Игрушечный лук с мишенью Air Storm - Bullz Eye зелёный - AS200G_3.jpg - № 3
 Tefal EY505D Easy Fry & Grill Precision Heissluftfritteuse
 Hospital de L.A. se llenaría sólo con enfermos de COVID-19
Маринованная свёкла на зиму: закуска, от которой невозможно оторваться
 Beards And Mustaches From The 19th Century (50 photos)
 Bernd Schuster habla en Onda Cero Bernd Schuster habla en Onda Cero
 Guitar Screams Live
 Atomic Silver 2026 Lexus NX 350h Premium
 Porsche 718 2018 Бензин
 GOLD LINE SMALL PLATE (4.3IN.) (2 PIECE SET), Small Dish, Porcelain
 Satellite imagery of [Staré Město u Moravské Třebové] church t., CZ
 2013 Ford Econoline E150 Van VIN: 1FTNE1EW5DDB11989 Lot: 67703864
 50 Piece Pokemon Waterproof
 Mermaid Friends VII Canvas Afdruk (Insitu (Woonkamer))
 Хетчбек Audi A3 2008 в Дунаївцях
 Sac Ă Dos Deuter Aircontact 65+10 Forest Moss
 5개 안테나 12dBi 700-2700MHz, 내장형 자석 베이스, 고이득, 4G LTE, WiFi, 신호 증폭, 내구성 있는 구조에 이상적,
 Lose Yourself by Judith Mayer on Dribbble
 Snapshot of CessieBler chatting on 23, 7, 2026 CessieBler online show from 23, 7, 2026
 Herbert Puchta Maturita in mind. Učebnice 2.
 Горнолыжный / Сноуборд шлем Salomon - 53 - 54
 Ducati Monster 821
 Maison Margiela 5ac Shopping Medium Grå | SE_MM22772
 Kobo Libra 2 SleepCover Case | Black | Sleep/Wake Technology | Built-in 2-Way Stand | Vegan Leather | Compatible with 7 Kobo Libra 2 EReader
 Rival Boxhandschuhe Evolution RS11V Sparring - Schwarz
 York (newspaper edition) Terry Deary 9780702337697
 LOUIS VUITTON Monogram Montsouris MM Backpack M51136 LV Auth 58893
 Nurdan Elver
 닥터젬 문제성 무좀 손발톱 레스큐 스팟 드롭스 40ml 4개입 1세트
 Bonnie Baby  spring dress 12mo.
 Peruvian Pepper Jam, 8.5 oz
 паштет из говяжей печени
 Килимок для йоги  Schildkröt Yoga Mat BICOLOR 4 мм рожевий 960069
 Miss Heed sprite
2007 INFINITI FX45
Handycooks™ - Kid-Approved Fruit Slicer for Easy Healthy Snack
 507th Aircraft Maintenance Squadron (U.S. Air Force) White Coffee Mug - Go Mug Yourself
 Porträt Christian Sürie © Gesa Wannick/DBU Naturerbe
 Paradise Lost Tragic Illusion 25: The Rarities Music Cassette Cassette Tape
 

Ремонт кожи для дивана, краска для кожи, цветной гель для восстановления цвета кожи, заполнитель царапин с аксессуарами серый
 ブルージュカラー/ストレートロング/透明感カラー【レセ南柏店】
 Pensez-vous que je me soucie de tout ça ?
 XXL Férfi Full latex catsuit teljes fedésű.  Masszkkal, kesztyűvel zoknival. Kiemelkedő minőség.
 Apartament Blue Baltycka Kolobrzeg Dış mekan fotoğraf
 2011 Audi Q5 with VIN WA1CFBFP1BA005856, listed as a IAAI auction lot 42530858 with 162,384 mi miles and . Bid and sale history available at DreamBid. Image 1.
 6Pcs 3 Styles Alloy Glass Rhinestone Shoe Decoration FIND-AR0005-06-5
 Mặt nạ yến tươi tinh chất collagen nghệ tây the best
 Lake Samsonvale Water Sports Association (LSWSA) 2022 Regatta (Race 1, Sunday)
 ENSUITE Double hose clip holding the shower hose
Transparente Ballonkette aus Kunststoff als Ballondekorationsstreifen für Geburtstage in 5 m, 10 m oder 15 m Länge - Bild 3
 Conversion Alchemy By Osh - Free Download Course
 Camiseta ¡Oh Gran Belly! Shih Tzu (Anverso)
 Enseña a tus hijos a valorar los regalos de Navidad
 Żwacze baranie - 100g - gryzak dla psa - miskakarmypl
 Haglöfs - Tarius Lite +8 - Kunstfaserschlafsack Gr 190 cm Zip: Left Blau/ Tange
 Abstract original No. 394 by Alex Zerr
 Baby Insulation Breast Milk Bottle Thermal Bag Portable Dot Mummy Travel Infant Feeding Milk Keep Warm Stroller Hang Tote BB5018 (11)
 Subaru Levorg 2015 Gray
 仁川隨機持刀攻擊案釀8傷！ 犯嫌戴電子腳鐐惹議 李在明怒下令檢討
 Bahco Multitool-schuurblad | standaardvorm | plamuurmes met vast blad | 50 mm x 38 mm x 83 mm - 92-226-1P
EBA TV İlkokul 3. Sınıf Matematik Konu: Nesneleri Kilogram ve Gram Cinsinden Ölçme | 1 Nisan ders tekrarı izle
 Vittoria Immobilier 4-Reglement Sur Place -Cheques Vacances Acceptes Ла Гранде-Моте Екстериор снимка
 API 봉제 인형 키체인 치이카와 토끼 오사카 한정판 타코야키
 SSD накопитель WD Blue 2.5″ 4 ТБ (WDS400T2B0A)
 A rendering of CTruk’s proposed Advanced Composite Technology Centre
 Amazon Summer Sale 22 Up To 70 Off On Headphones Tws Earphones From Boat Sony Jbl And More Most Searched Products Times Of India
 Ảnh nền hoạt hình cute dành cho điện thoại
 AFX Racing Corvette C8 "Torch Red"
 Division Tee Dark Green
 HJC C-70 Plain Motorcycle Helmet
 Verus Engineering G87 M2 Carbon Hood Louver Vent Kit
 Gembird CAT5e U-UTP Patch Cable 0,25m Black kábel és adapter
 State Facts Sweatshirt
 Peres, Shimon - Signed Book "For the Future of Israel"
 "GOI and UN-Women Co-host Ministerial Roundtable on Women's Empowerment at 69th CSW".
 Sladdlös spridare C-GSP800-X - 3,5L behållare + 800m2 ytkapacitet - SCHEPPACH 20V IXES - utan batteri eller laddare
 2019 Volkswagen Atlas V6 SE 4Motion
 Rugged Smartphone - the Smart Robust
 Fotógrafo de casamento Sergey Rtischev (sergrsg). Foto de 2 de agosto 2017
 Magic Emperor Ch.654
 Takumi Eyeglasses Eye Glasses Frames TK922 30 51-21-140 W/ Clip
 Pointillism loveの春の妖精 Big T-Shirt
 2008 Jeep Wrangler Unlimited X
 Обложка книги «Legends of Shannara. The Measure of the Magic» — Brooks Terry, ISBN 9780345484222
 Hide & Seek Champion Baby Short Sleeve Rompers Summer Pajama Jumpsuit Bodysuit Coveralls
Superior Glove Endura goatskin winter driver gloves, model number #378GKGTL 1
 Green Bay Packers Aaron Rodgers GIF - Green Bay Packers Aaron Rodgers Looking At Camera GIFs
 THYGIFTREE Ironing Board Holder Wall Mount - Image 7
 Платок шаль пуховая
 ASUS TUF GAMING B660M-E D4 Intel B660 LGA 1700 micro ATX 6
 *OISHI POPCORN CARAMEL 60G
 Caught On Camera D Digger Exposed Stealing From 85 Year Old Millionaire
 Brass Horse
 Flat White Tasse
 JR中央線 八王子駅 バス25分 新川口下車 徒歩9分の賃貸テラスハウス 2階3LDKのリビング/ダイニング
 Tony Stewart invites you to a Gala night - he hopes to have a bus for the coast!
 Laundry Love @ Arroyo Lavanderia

* WORK REQUIRED *
From the entries above, give again exactly the lines running from the line with "Tefal EY505D Easy" to the line with "Хетчбек Audi A3 2008 в Дунаївцях"; include both of those lines.

* WRITTEN ANSWER *
 Tefal EY505D Easy Fry & Grill Precision Heissluftfritteuse
 Hospital de L.A. se llenaría sólo con enfermos de COVID-19
Маринованная свёкла на зиму: закуска, от которой невозможно оторваться
 Beards And Mustaches From The 19th Century (50 photos)
 Bernd Schuster habla en Onda Cero Bernd Schuster habla en Onda Cero
 Guitar Screams Live
 Atomic Silver 2026 Lexus NX 350h Premium
 Porsche 718 2018 Бензин
 GOLD LINE SMALL PLATE (4.3IN.) (2 PIECE SET), Small Dish, Porcelain
 Satellite imagery of [Staré Město u Moravské Třebové] church t., CZ
 2013 Ford Econoline E150 Van VIN: 1FTNE1EW5DDB11989 Lot: 67703864
 50 Piece Pokemon Waterproof
 Mermaid Friends VII Canvas Afdruk (Insitu (Woonkamer))
 Хетчбек Audi A3 2008 в Дунаївцях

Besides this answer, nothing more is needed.